From the Harry Potter books, specifically The Deathly Hallows which saw details posthumously emerge about the Hogwarts headmaster, we knew Albus Dumbledore had two siblings: disgraced wizard Aberforth (who runs the Hog's Head Inn by the 1990s) and squib/obscurial Ariana (who died during a battle between Albus and Grindelwald before the events of Fantastic Beasts). There's been no mention of a fourth Dumbledore anywhere in the canon before the Credence reveal.

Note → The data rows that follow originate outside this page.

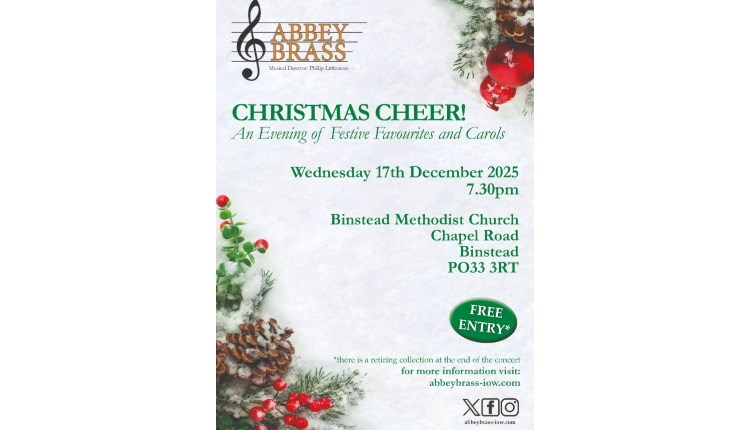 Isle of Wight, Things to do, Christmas Concert, Binstead, Ryde, Abbey Brass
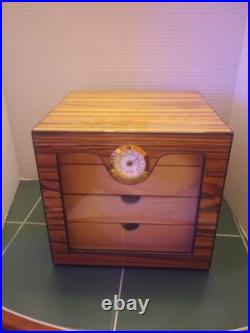 Cedar Wood 4 Drawer Cigar Humidor Cabinet Large Capacity Box Humidifier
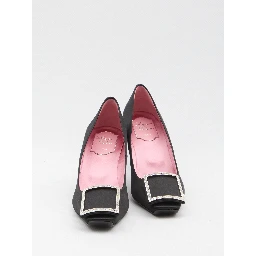 Trompette satin pumps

This is a pretty major retcon given how important Ariana and Aberforth have become to the mythology, and one that the canon may be further stretched to accommodate. Albus' muggle mother died in 1899, while his father went to Azkaban in 1890 and was never released. As Credence was born around 1910, there's a major gap in his birth. It's possible that the timeline has been shifted due to the Harry Potter movies, which are set a decade after the books are supposed to, or that he was conceived in the prison. Of course, that only leaves more questions.
Dumbledore & Grindelwald's Blood Oath
Dumbledore and Grindelwald's past is mostly skipped over in Fantastic Beasts 2. We get a hint at the death of Ariana and an even lighter wink towards their implied sexual relationship, but the films are still a way off approaching an explanation of their past that book readers know. In fact, the only concrete reveal in the film is something totally new in the canon.
Through Dumbledore's longing look in the Mirror of Erised, we see that Albus and Gellert entered into a blood pact, a magical bond that stops the pair from - presumably - killing the other. This is why Dumbledore sends Newt after Grindelwald, and would also explain Ariana's death; if the pair can't kill each other, it would be much easier for a stray spell to hit her. But, most importantly, it presents an alternate reasoning for why Dumbledore didn't take Grindelwald down for another two decades: he was working to remove the enchantment, a physical embodiment of his youthful attraction.
Dumbledore Taught Defence Against the Dark Arts
One thing that has been known for a long time about Albus Dumbledore is that he was Hogwarts' Transfiguration Professor before becoming Headmaster. In Fantastic Beasts 2, however, he's shown to be in charge of Defence Against the Dark Arts, teaching students how to defend themselves in battle for generations: from Newt's school years through to 1927, when the Ministry seems to ban him.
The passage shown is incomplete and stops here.